|Charles Ives (1878-1954)|
That Ives composed radically metropolitan scences shows even more clearly in his piece Central Park in the Dark. If you did not know the title, the ever increasing noise of urban sounds swelling to a mighty explosion in the piece would leave you in no doubt that you are in the middle of a city.
What Ives manages however is to portray the fragile contrast between a city's harmonic background bordering on silence and the discordant hubbub that surrounds us on a daily basis. The piece starts off in near silence with the strings once again setting the scene, this time less melodious, giving off a whiff of a metalic sound. As the wood winds intermittently intersect with the strings, the scene still remains distant in sound and impact on the listener.
Next, the flute takes up a theme and hovers above strings and wood winds. None of them even attempt to merge or meld into one coherent whole. Finally a singular violin and a piano furnish additional moments of urban sounds, until all climaxes in pandemonium as we know it from the streets of New York.
Ives added a beautiful note of contrast as the musical tumult cuts out suddenly and the strings are heard to continue to the very end of the piece. It creates a moment of surprise as you realise they have been there all along, no matter how loud the city was.

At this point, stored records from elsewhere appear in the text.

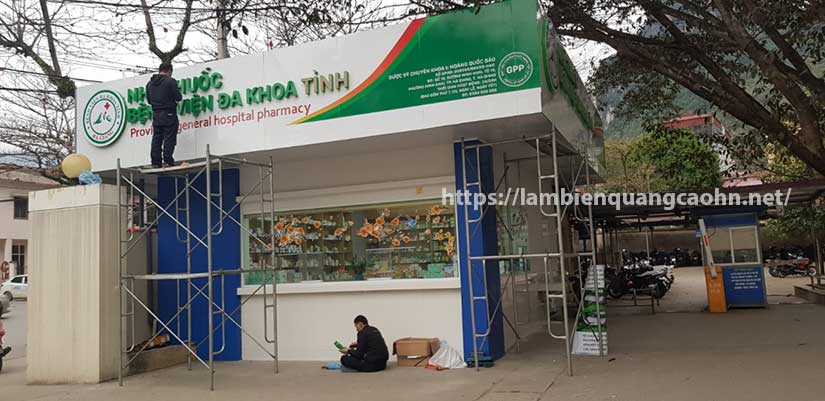 Biển alu chữ nổi nhà thuốc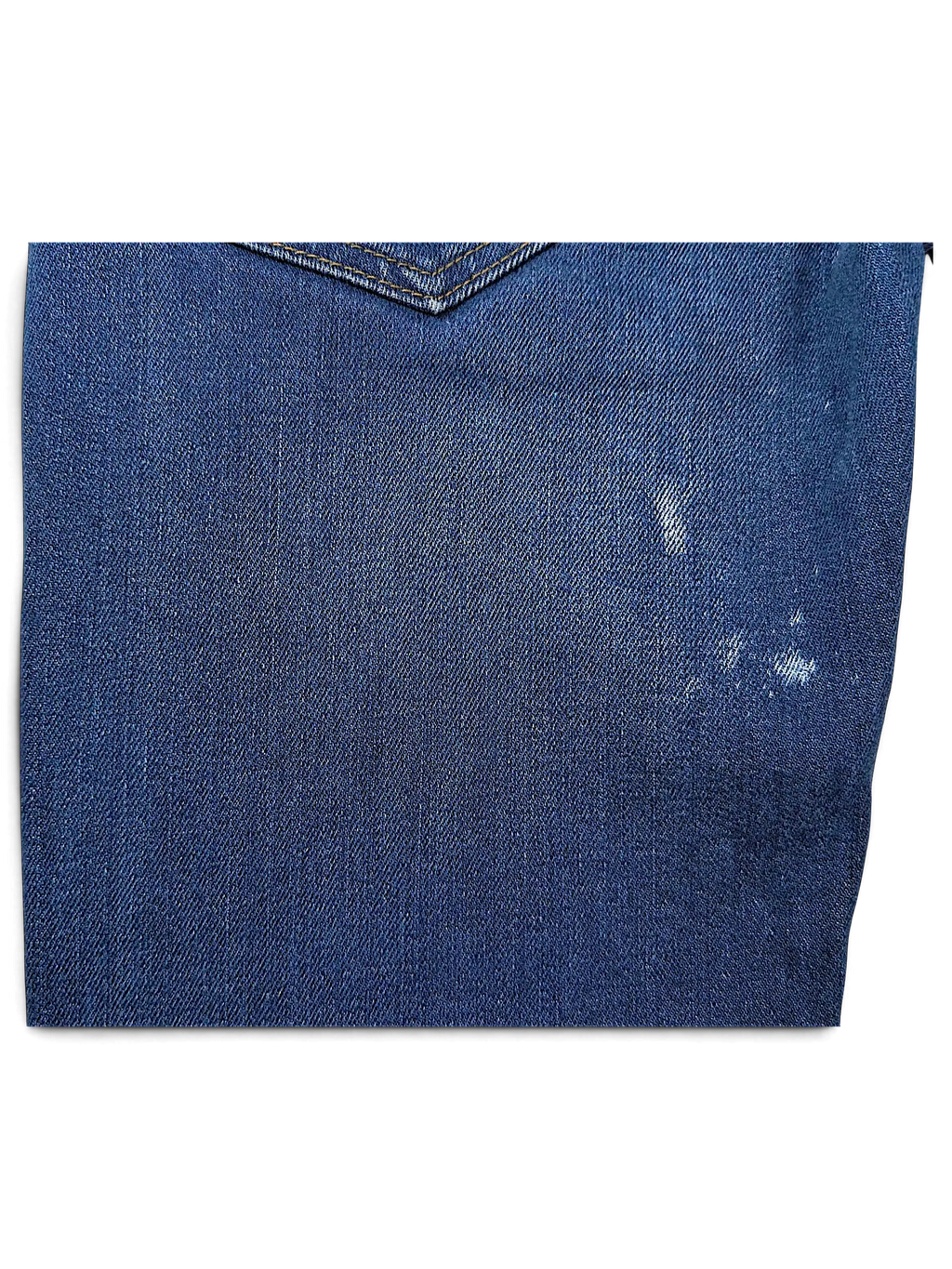 JAKE & IPI Levi's 514 dark blue denim jeans with subtle distressed wear detail on the fabric surface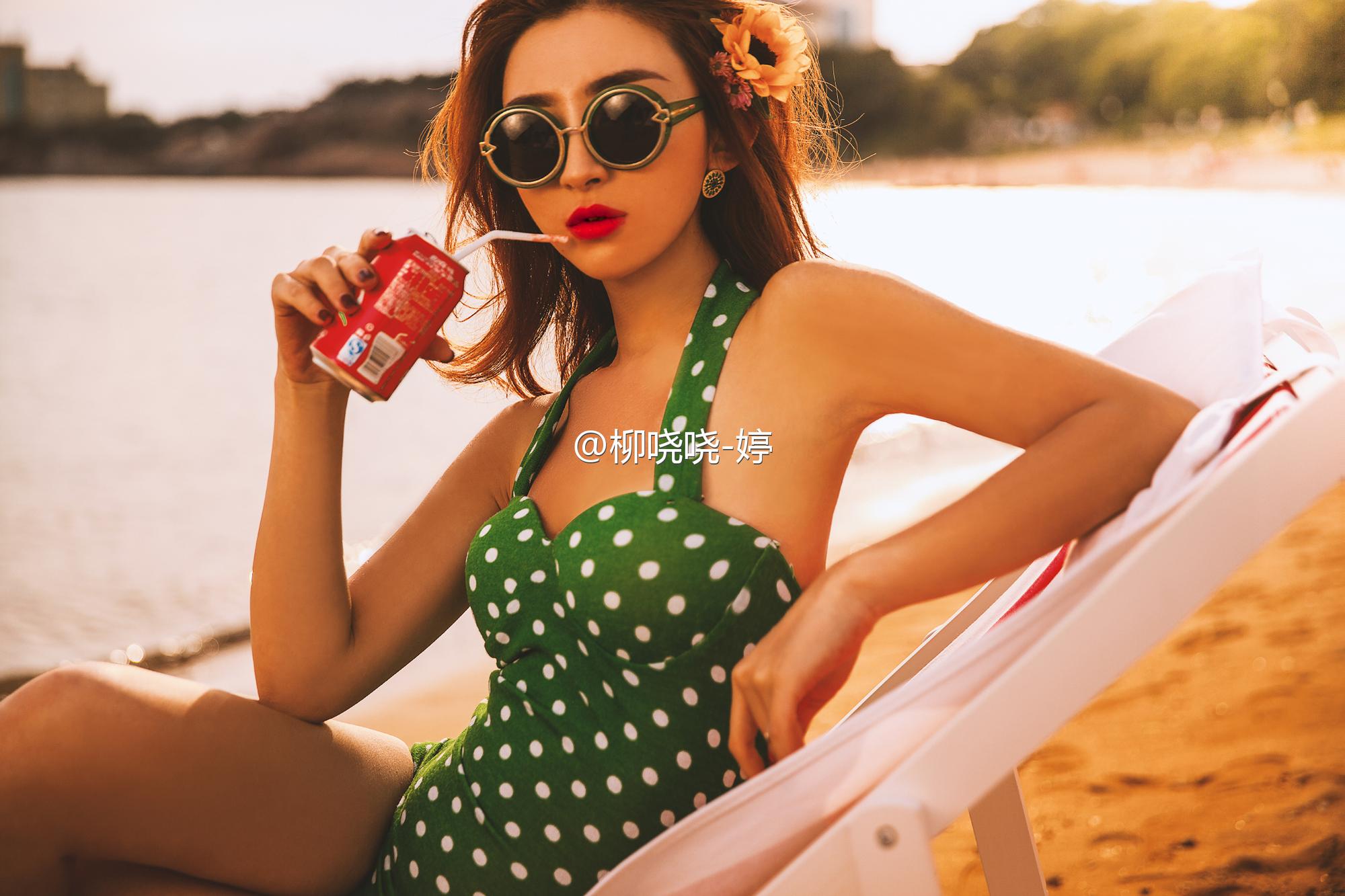 柳小婷 高挑车模微博靓照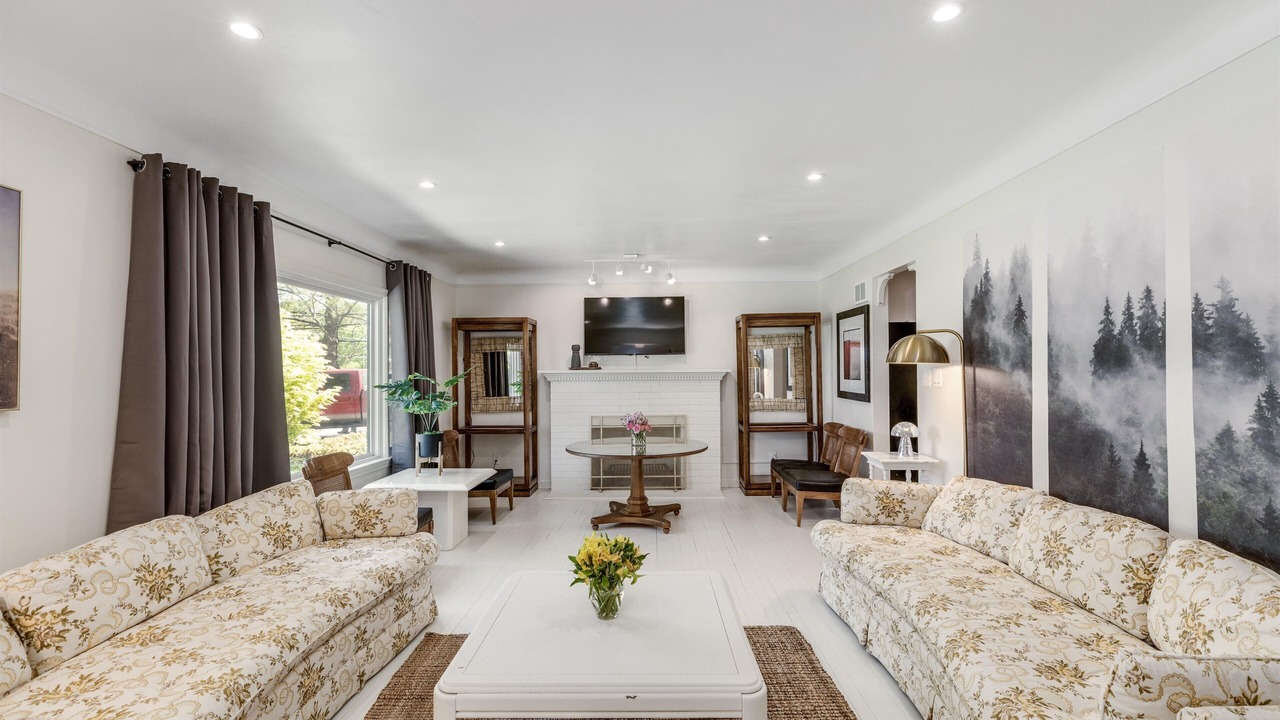 Photo of Livingroom in Southfield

The piece's crescendo is difficult to play (there is a Bernstein/NYPhil version here). In particular, what appears like an unwanted disturbances of the strings by random noise actually requires careful calibration of the sound levels. The BBC Philharmonic conducted by John Storgards gave their all but at times it was not quite enough. In particular, as the flute and piano starts to overlay the string theme, the string section needs to be low enough, almost whispering, so that flute and piano are recognised as distinct voices. The Bridgewater Hall has a decent acoustic but the orchestra did not quite pull it off. From where I sat in the centre of the stalls the flute was not quite audible and the single violin, played sensitively by the concertmaster, did not quite emerge as different from the main body of sound.
It was more a confluence of music rather than a caleidoscope of discrete notes from different players. Still, it was amazing to hear this piece live for the first time.
The evening also contained a muscular rendition of George Gershwin's Rhapsody in Blue, delivered with gusto by Peter Donohoe. I prefer the version for Jazz orchestra over the full orchestral arrangement (by Ferde Grofe) but both Donohoe and the BBC Orchestra gave a spirited performance which made me tap along with my foot.
The evening ended with George Antheil's Symphony No. 6, a pleasing piece of work sitting comfortably somewhere between Stravinsky and Shostakovich and a composition by George Walker called Lilacs. Walker set his music to Walt Whitman's 'When lilacs last in the door-yard bloom'd'. Joshua Ellicott gave it a rounded sound, perhaps at times struggling against an overwhelming orchestra, and it made me wish to hear more from this song cycle.
The evening concert was recorded for broadcast on Wednesday 14th Feb as part of the BBC Radio 3 in Concert Series. So you can tune into BBC Radio 3 next Wednesday at 7.30pm to hear it or catch up with it on BBC iPlayer.